··· DATASET RECORDS

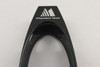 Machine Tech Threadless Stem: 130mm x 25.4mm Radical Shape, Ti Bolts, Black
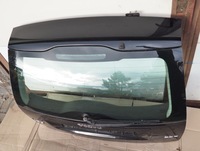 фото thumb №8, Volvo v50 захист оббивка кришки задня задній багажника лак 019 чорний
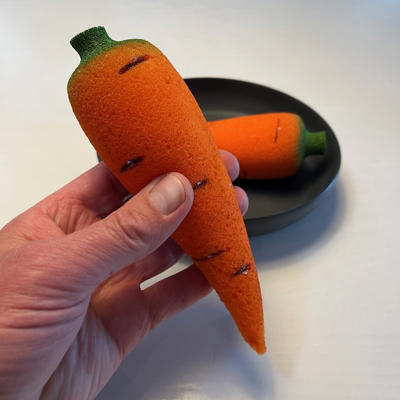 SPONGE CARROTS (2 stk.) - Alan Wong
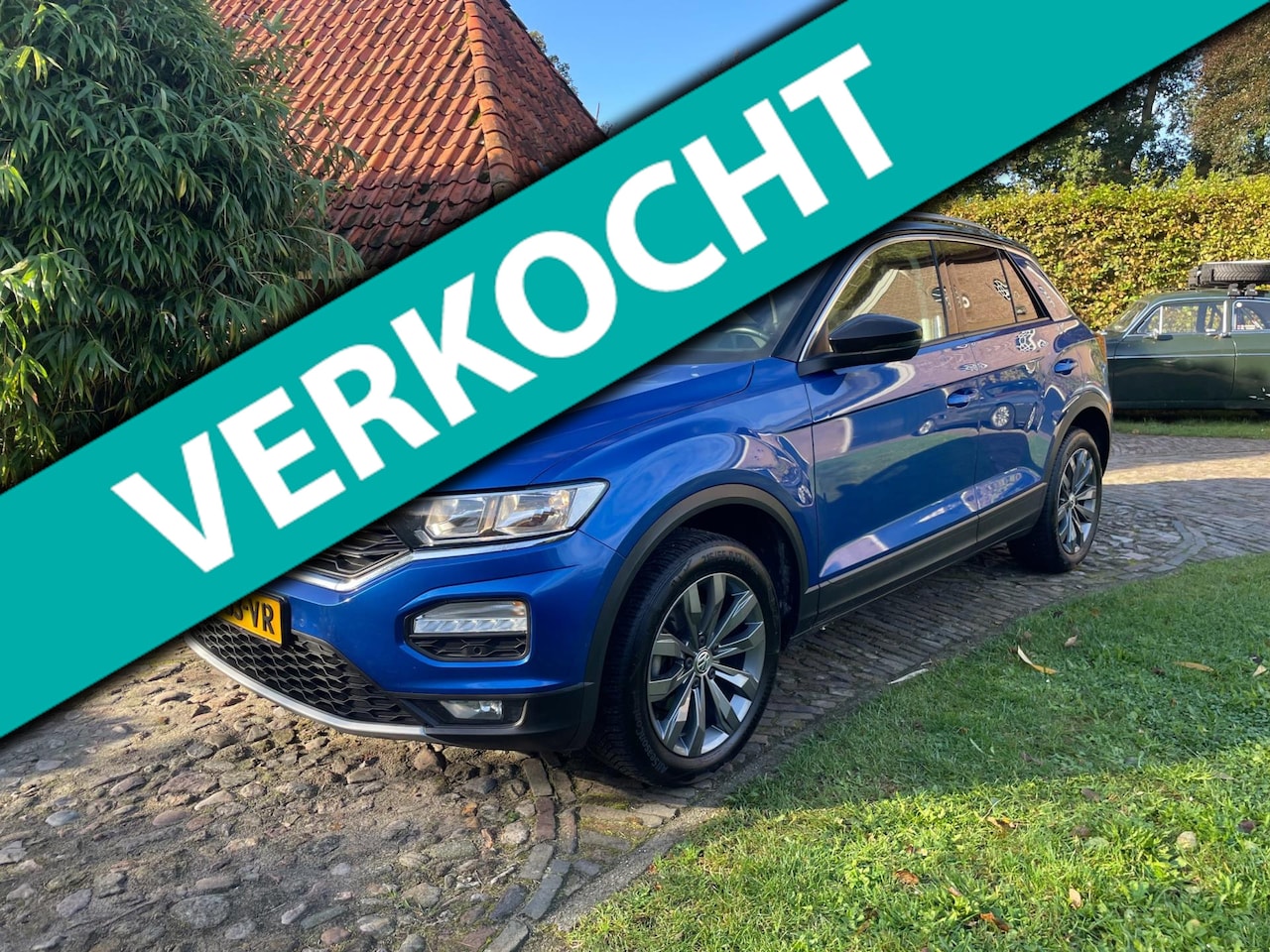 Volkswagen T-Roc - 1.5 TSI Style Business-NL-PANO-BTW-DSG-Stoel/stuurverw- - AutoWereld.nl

······
··· DATASET RECORDS

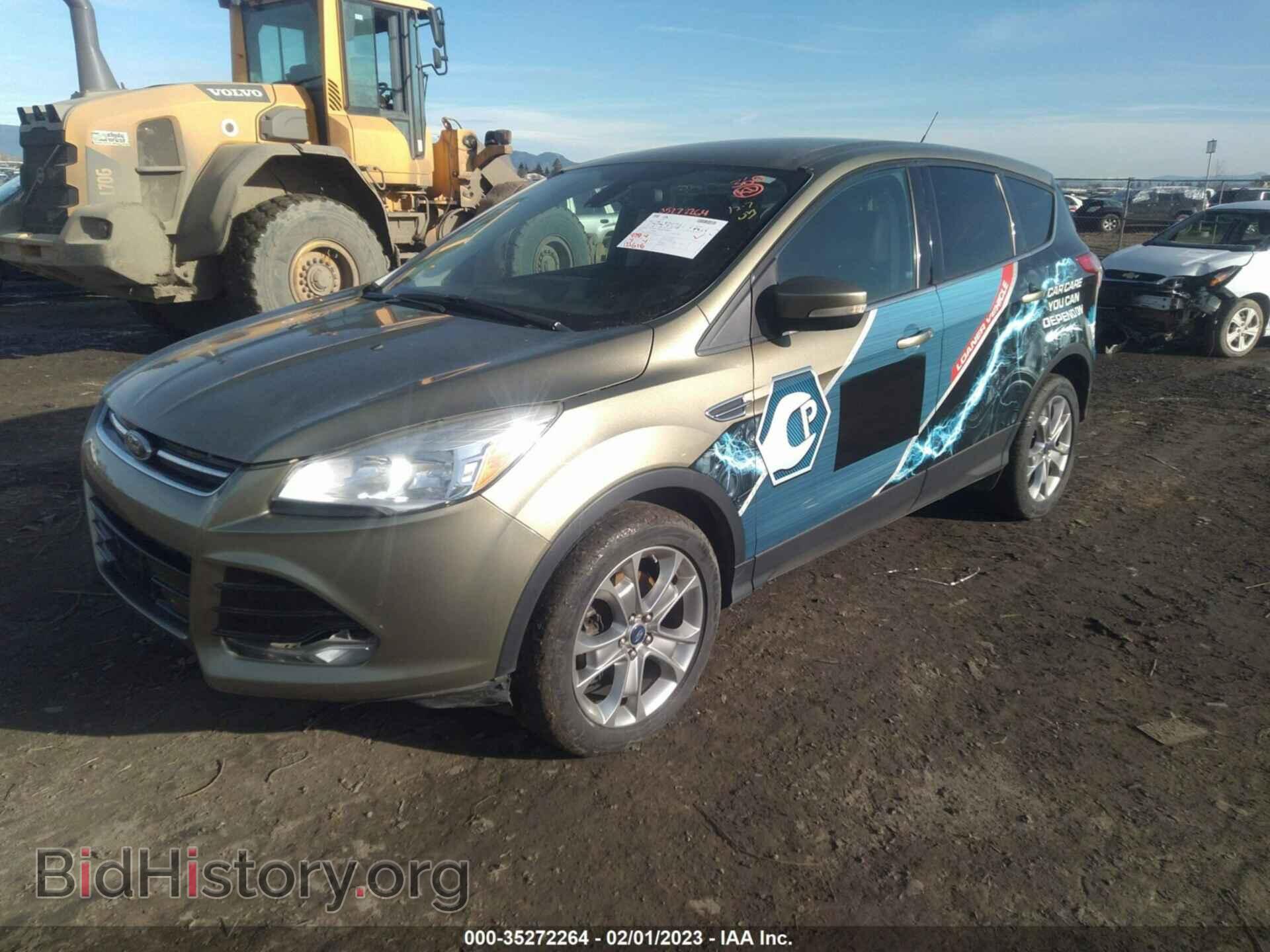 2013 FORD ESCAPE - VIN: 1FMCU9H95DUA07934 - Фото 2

······
··· DATASET RECORDS

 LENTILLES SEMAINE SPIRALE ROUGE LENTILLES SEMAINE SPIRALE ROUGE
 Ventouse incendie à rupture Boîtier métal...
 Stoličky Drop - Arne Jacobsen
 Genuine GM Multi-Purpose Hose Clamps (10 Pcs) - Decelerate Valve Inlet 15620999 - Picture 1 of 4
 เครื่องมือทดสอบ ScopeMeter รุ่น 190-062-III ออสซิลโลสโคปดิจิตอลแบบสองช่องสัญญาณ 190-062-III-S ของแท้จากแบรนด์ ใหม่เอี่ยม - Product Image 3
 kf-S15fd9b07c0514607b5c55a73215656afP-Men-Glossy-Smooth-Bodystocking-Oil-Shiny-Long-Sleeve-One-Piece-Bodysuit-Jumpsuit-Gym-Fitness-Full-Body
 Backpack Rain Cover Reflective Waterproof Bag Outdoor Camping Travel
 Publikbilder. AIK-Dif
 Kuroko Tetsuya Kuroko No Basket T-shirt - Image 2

······

When you reach the line containing "Machine Tech Threadless" in the entries above, begin restating word for word, and stop once the line containing "Volkswagen T-Roc - 1.5" has been given. Omit the pictures.

:: RESULT BELOW ::
 Machine Tech Threadless Stem: 130mm x 25.4mm Radical Shape, Ti Bolts, Black
 фото thumb №8, Volvo v50 захист оббивка кришки задня задній багажника лак 019 чорний
 SPONGE CARROTS (2 stk.) - Alan Wong
 Volkswagen T-Roc - 1.5 TSI Style Business-NL-PANO-BTW-DSG-Stoel/stuurverw- - AutoWereld.nl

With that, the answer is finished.